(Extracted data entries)
※
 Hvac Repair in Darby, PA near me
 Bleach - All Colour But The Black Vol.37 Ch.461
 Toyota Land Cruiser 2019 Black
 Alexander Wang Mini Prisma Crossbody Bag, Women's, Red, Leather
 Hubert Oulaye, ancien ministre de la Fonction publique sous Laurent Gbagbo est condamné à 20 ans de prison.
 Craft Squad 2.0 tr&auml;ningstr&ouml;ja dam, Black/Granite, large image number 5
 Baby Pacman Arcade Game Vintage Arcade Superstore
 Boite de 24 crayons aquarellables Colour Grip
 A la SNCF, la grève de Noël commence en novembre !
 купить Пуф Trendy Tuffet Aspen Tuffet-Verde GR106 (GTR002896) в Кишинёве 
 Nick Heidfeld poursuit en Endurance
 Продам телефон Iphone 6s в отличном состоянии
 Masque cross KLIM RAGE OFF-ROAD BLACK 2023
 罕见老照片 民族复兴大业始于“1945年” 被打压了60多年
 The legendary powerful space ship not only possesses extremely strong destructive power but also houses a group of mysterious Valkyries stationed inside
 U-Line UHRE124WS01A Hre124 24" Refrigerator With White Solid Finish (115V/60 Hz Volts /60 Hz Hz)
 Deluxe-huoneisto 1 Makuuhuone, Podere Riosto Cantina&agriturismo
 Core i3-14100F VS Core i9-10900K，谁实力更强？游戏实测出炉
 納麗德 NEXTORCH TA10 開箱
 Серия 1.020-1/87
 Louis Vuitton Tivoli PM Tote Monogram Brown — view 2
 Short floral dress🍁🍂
※
• [EXERCISE GOAL] From the data, report how many lines hold "Colour", leaving out any other words.

• [RESPONSE BOX] 2